Here was his follow up after I disseminated some of the points made in this conversation:

It's 1985. You just plunked down what amounts to $4,000 in today's money on an Amiga. What are you going to do with it? Be specific. What productive work would you'd do with it in 1985/1986? Because that's when it was released and that's when it was being "defined" in the market.

My dad expected to use it to do the kind of work he would do on an Apple II plus take advantage of the power of the Amiga. But in 1985/1986 it was a step down from the Apple II for doing word processing and spread sheets. The only app he remembered being interesting was Deluxe Paint. The rest were games (Balance of Power, Marble Madness, Defender of the Crown, Faire Tale adventure, Mind Walker, etc.). $4,000 is too much for a game machine.

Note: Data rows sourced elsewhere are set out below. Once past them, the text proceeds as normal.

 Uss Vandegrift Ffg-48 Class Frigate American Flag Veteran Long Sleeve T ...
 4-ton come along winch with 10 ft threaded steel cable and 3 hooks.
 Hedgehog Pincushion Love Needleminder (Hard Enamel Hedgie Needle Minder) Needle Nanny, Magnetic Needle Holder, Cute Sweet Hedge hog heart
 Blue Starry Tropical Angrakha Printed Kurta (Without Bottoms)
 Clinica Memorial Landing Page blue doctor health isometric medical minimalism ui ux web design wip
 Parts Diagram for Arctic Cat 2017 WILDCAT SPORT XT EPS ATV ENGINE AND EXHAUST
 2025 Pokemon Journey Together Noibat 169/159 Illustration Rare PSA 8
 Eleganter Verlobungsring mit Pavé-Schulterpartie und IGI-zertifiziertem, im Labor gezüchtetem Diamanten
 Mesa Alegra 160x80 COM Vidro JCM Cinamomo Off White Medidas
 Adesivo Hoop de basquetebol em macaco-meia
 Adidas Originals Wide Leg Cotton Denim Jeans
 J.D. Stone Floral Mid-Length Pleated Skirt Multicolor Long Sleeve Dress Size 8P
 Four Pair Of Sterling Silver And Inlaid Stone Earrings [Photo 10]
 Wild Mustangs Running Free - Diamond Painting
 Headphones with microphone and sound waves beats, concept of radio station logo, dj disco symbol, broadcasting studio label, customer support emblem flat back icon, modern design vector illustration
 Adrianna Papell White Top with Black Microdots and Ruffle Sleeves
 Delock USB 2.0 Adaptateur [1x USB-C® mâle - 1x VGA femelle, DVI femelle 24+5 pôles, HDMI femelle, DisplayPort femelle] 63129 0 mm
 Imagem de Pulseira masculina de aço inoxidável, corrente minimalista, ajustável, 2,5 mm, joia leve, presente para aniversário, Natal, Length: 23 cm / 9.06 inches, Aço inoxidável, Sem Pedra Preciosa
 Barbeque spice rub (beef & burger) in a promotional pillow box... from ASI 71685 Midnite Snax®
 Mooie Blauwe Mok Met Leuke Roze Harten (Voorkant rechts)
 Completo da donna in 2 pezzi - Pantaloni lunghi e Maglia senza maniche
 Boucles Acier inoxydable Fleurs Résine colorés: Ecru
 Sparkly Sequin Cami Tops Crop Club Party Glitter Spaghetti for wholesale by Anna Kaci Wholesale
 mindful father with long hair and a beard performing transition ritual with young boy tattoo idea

He still has the machine and by 1988/1989 he was using it for video editing (he did a side gig for fun doing credits and other video work for local companies using his Amiga). And he still has it to this day "somewhere".

But when it mattered, release and shortly after, the Amiga was a great tech demo with nothing to do with it other than be a very expensive game machine.

For HIM, (not me, I was a kid) he said a dedicated text mode would have at least made it useful as a productivity tool.

But his message to relay, stressing that he is probably *literally* one of the oldest Amiga fans alive, is this: It's 1985. You just spent $4,000 in today's money on Amiga. WHAT specifically are you doing with it? Something that could be scaled out to a business or enterprise?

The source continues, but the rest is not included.